Textiles, including wearing apparel, account for about 40 percent of all duties collected and about 22 percent of all import entries filed. Customs’ focus remains on preference claims, where a 45 percent rate of noncompliance isn’t surprising. At the same time, Customs is examining short-supply fabric claims — including for such commonly available fabrics as cotton — that recently resulted in $2 million in denied claims.
Customs also has been validating free trade agreement claims, another area it says massive noncompliance exists. For that reason, Customs is developing a training regimen to ensure its staff understand FTA claims.
Part of the agency’s concern is the gross lack of knowledge about valid FTA claims, but Customs also has discovered yarn and fabric affidavits that were forged, altered or used multiple times to qualify goods that don’t otherwise qualify.
Who prepares your certificates of origin? How often are they validated, and by what means? Although Customs has focused first on claims related to the Central America Free Trade Agreement, all FTA claims likely will come under suspicion and be subject to audit.

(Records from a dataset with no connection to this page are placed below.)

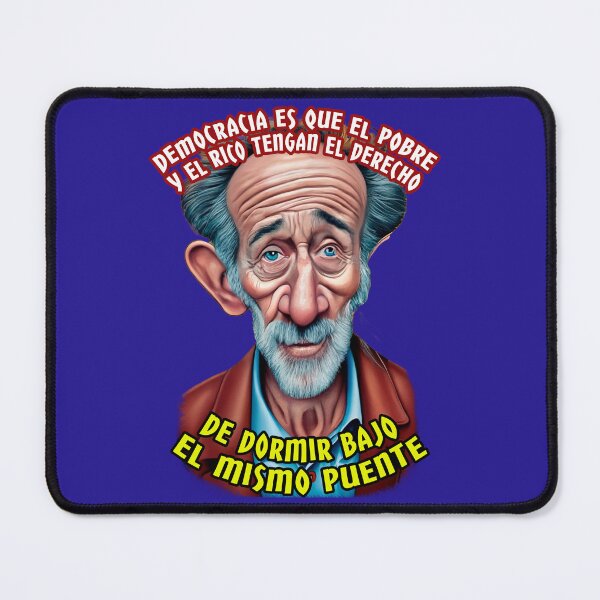 Item preview, Democracy is that the poor and the rich sleep under the same bridge designed and sold by HenryDrae.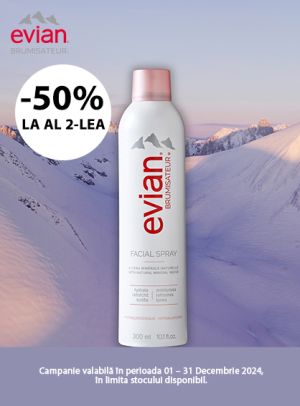 Evian 1+50% Reducere la al doilea Decembrie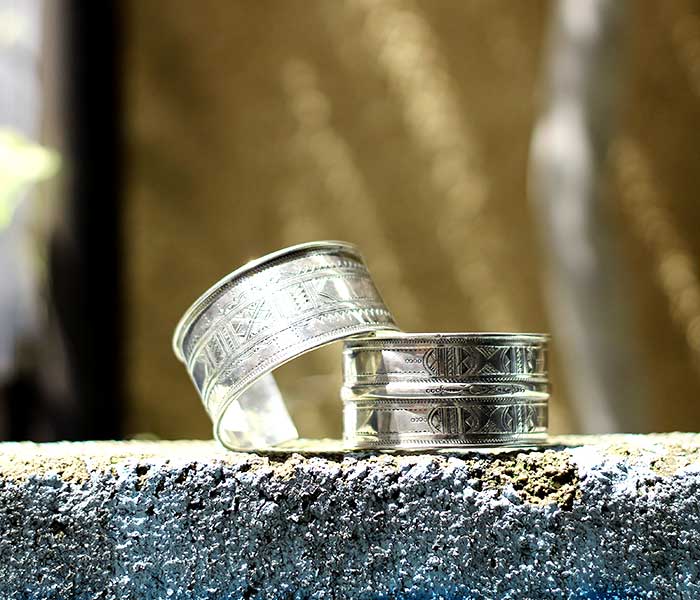 トゥアレグ シルバーバングル TOUAREG SILVER BANGLE WIDE No7 (TUAREG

Looking at the numbers and other intelligence, Labuda and her team suspected entry declarations were wrong on a grand scale. To confirm that, Customs assembled a cross-functional team from various locations to review textile and wearing apparel imports from China.
The team visited 60 companies in Los Angeles, 60 in New York and another 61 nationwide, and it found extensive noncompliance — from phony addresses for importers of record to unrecorded relocations. In some cases, the address and company were listed, but the person there was not the importer. In others, the declared value of the goods was vastly underreported.

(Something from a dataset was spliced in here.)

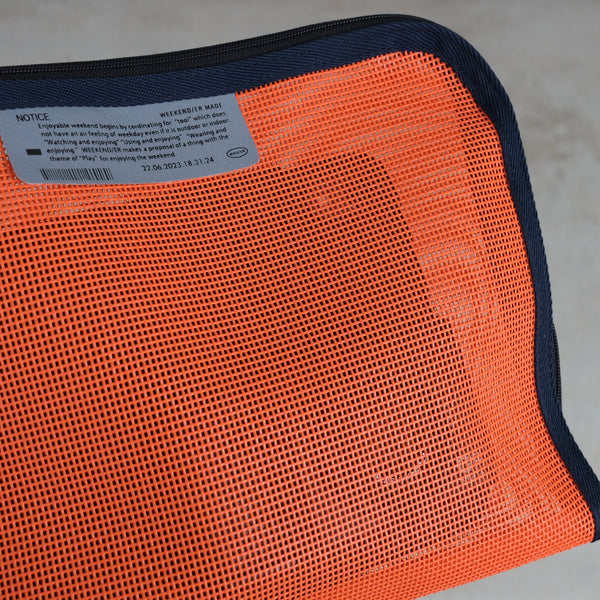 [WEEKENDER] PVC MESH FLAT CASE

While Customs’ efforts may be focused on importers, it is clear the agency considers customs brokers the linchpin, with forwarders also involved. As such, Customs and the Federal Maritime Commission are cooperating as these investigations continue.
For Customs, the issue is simple: supply chain security. Who are the real parties to the transaction? Without knowing that, risk at all levels cannot be measured or addressed properly. From the trade community’s perspective, many honest importers are stuck in the middle. They file an entry that’s refused because of undervaluing, despite proof of payment. Customs then sets a significantly higher, arbitrary value. Should you challenge Customs or pay the duty, get your goods and argue about it later?
Not surprisingly, most choose to secure the goods and argue about valuation later. In essence, the industry as a whole is paying the price in heightened skepticism and close scrutiny because of the actions of some dishonest importers.
It’s worth noting when Customs sets the value based on the transaction value of identical or similar merchandise, an importer is only able to learn the basis for that value through litigation, because Customs is relying on values validated from transactions by other importers.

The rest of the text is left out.